YOUR ASSIGNMENT: Starting at the line with "what does otb" and ending at the line with "300W Electric Eccentric", print exactly the lines of the entries below. Pictures do not belong in the copy.
━━━ STUDY MATERIAL
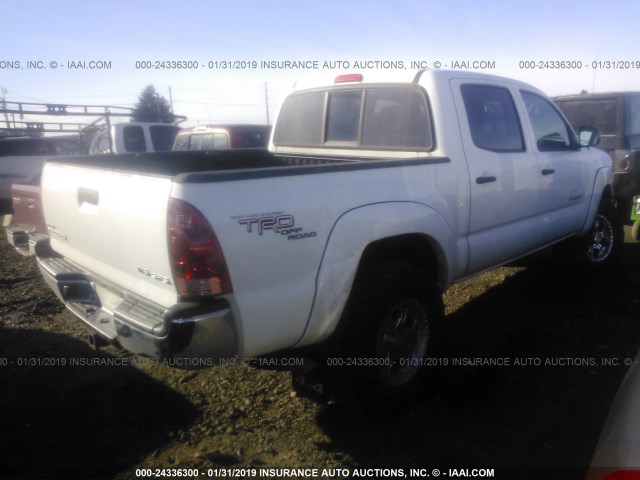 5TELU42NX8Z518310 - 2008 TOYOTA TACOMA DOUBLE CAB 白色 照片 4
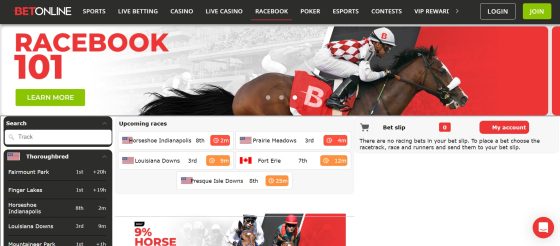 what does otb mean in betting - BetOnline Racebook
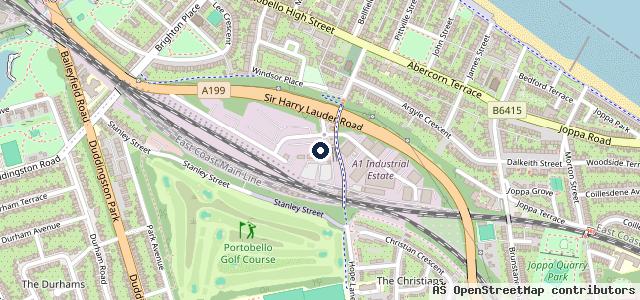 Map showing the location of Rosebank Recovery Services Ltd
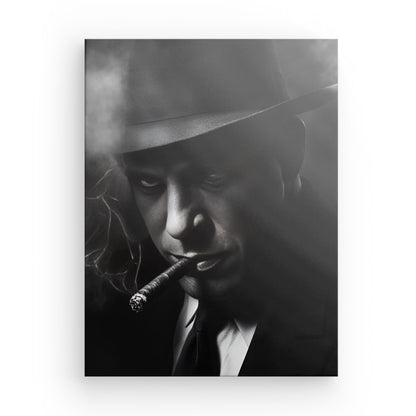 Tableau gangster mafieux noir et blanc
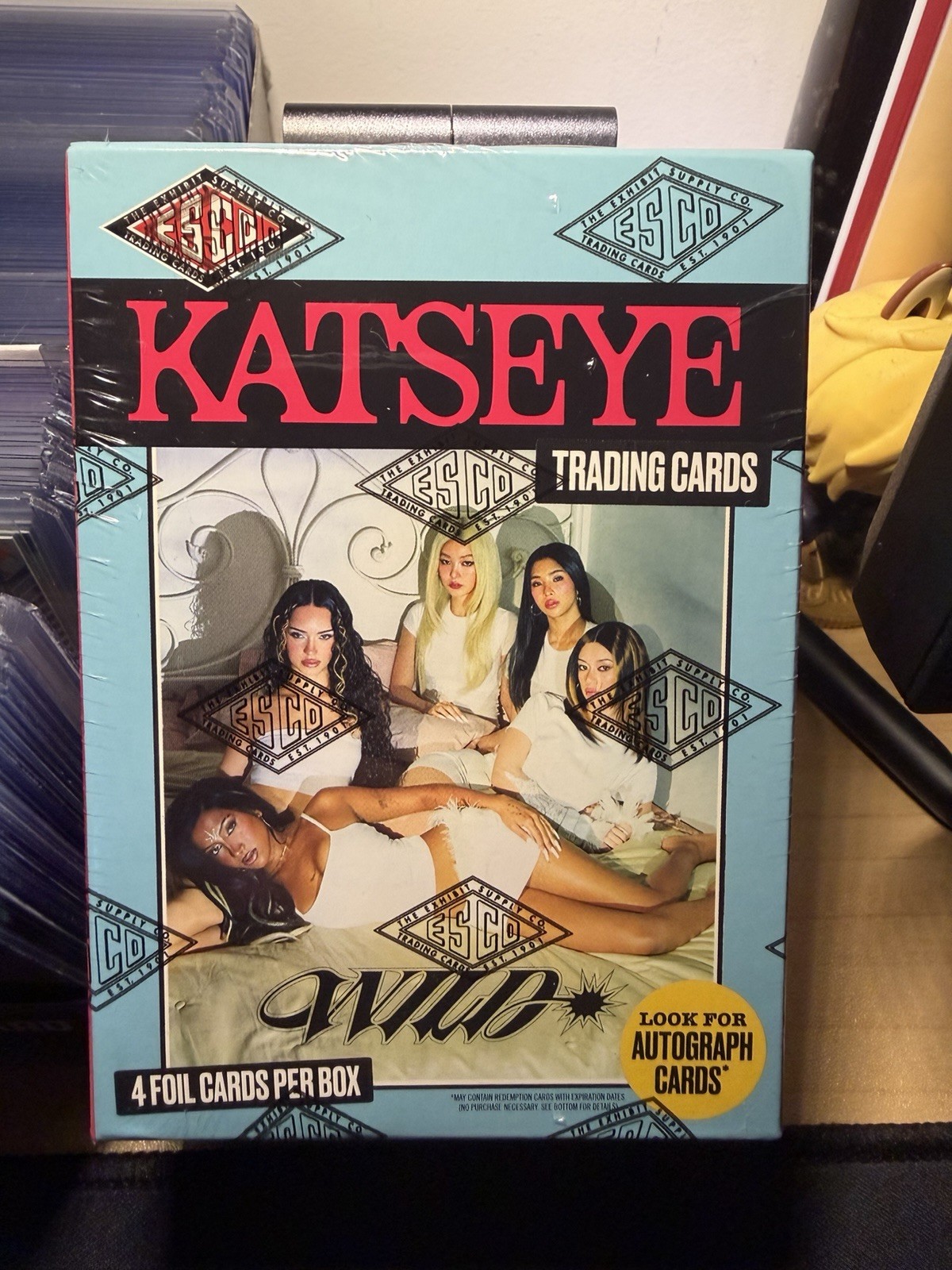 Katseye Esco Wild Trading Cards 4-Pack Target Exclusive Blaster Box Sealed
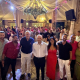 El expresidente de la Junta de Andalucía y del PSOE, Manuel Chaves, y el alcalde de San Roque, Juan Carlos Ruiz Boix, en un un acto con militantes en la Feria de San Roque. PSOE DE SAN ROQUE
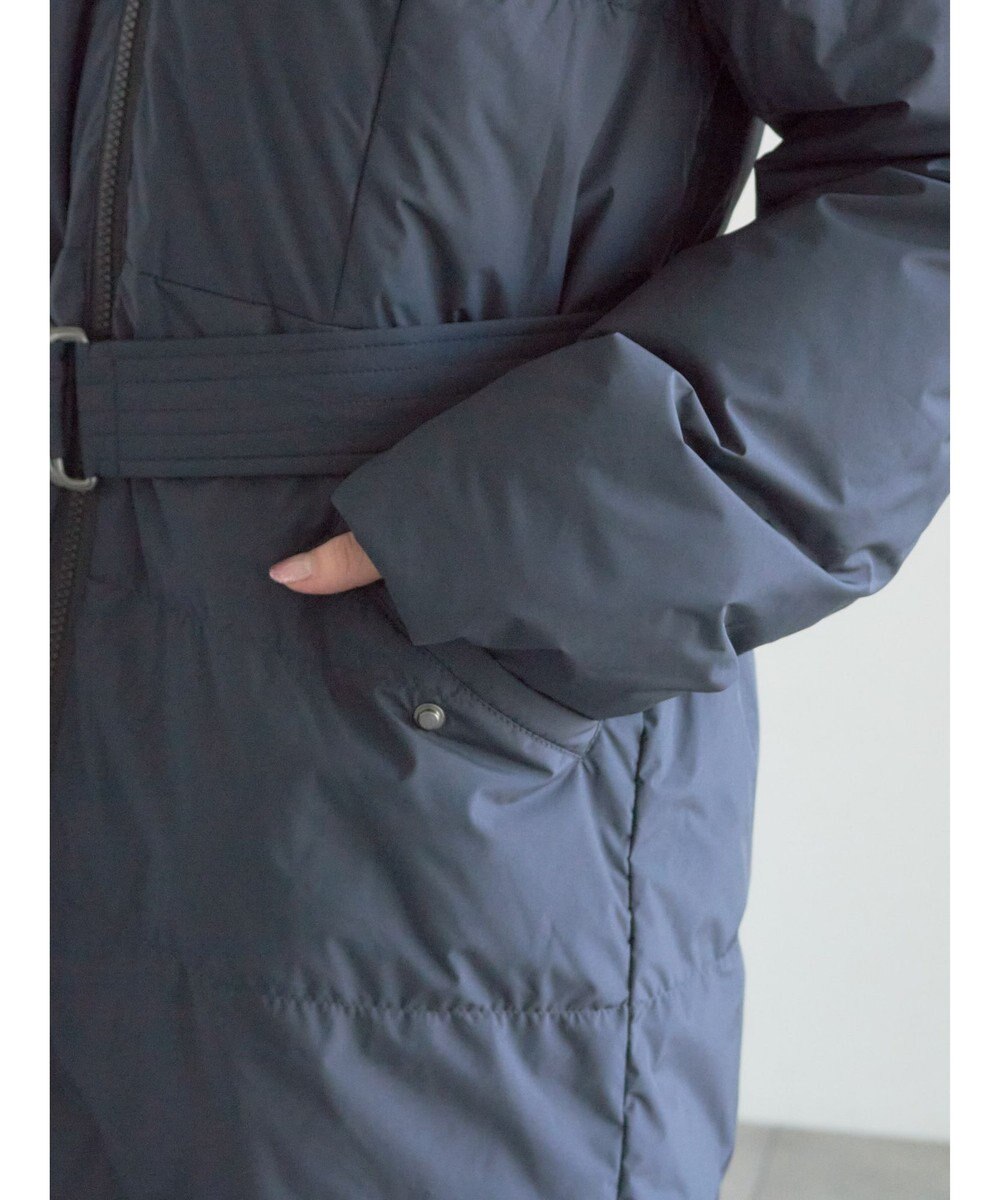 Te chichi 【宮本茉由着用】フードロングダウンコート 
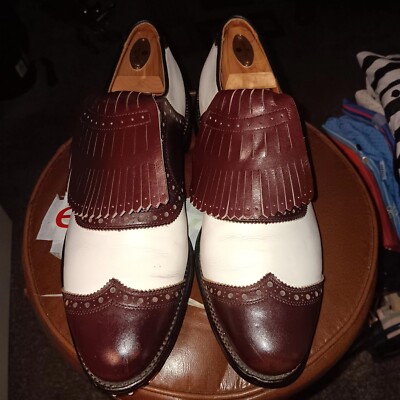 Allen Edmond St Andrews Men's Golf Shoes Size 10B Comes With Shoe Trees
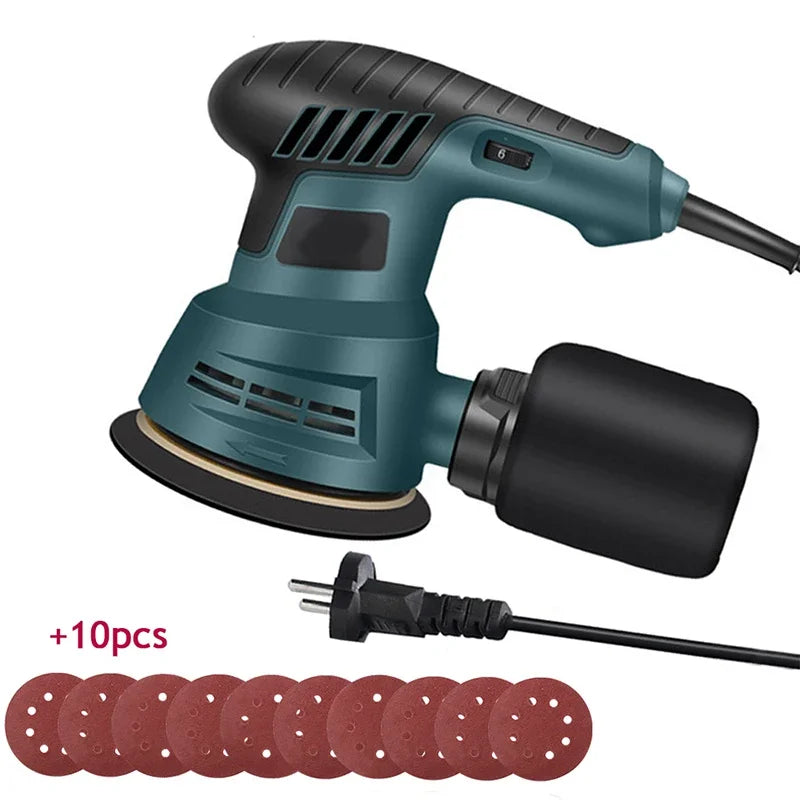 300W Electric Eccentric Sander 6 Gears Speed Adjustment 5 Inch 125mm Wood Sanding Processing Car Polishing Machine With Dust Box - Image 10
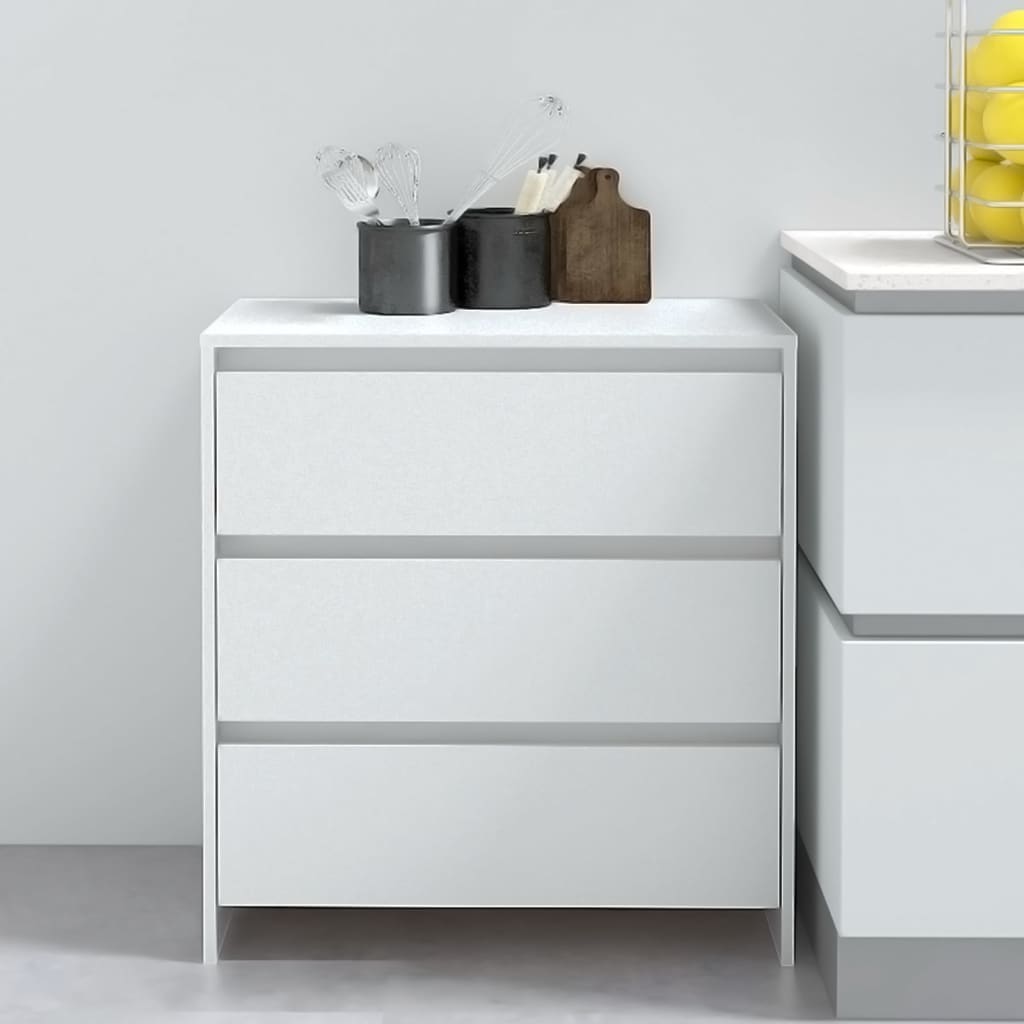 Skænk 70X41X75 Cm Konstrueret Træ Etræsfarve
━━━━━━
ANSWER SECTION:
 what does otb mean in betting - BetOnline Racebook
 Map showing the location of Rosebank Recovery Services Ltd
 Tableau gangster mafieux noir et blanc
 Katseye Esco Wild Trading Cards 4-Pack Target Exclusive Blaster Box Sealed
 El expresidente de la Junta de Andalucía y del PSOE, Manuel Chaves, y el alcalde de San Roque, Juan Carlos Ruiz Boix, en un un acto con militantes en la Feria de San Roque. PSOE DE SAN ROQUE
 Te chichi 【宮本茉由着用】フードロングダウンコート 
 Allen Edmond St Andrews Men's Golf Shoes Size 10B Comes With Shoe Trees
 300W Electric Eccentric Sander 6 Gears Speed Adjustment 5 Inch 125mm Wood Sanding Processing Car Polishing Machine With Dust Box - Image 10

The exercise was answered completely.